Re: Upperlimit for bwait()

From: Warner Losh <imp_at_bsdimp.com>
Date: Thu, 30 May 2024 13:53:59 UTC
On Thu, May 30, 2024 at 1:54 AM Kumara Babu <nkumarababu@gmail.com> wrote:

> Hello,
>
> There have been a few incidents reported on Juniper devices with FreeBSD,
> where buffer IO operations sleep for more than 30 mins. Theoretically, this
> can happen due to faulty hardware or in virtual platforms due to faulty
> connection between guest and host, filesystem corruption, too many buffer
> IO operations, and/or host not responding due to various reasons.
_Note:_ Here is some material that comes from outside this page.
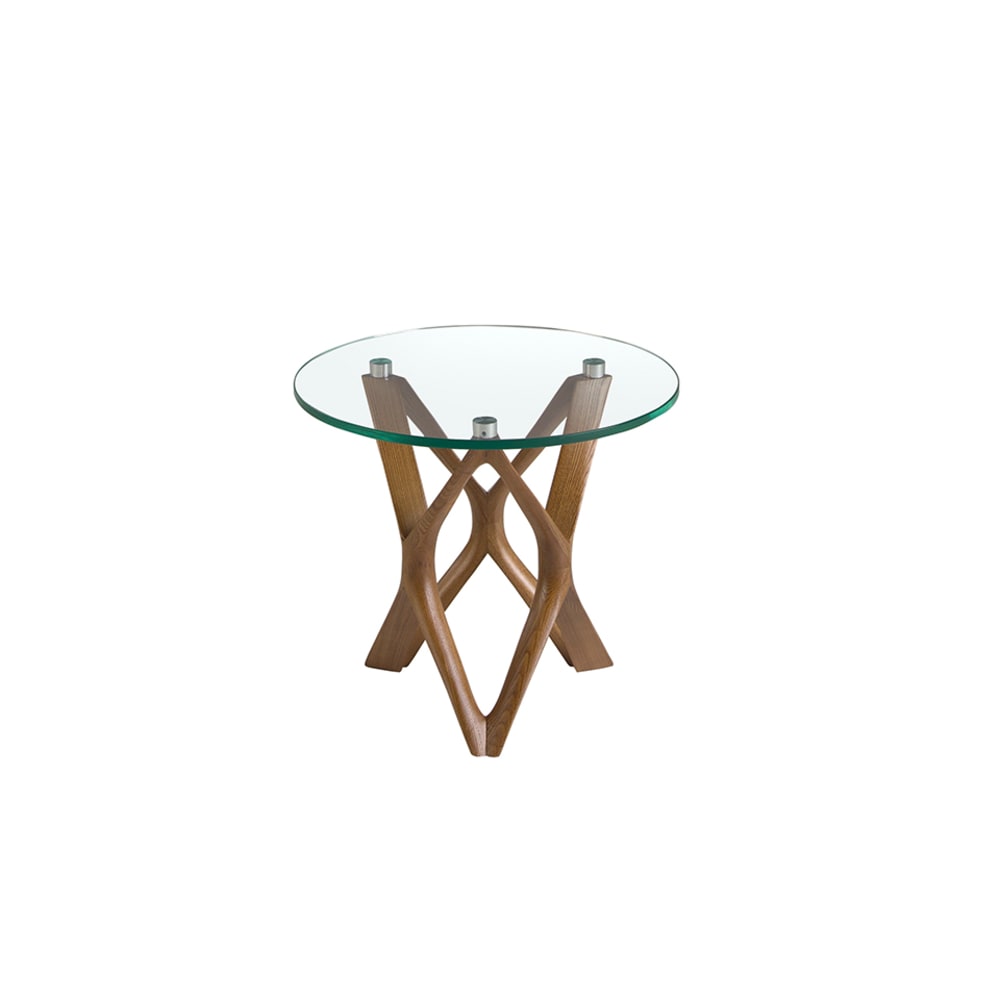 Angel Cerda, table d’appoint en verre, photo du marchand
When that
> happens, as this buffer IO writes hold a lock before going to sleep, the
> threads waiting for that lock would starve for so long. There is no upper
> limit for this bwait() as of now. If that wait goes beyond 30 mins for a
> sleeping thread OR 15 mins for a thread blocked on turnstile, deadlkres
> crashes the kernel assuming a possible deadlock.
>
Why isn't the I/O timing out? That's the real problem.
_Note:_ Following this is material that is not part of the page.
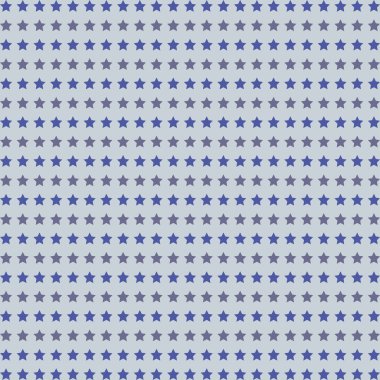 Yıldız ile yapılan vektör desen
> We perhaps could gracefully handle such lengthy buffer IO operations by
> adding a timeout in bwait() - like say 10 minutes. If the buffer IO is not
> completed in a few mins, it probably would not complete forever and/or
> would be slowing down the entire system. So it is better to stop such
> faulty IO operations.
>
I think that's a terrible idea. Why aren't the I/Os timing out?

> For now, since we had seen these instances only with BIO operations, I
> have a patch to set this value only from bufwait(). Please find the patch
> attached. I am not very sure if 10 mins is a good upper limit for all the
> scenarios for bwait(). If it is, then we could just change msleep() in
> bwait() to set a 10 mins upper limit by default.
>
I never see this on any of the thousands of systems I've used.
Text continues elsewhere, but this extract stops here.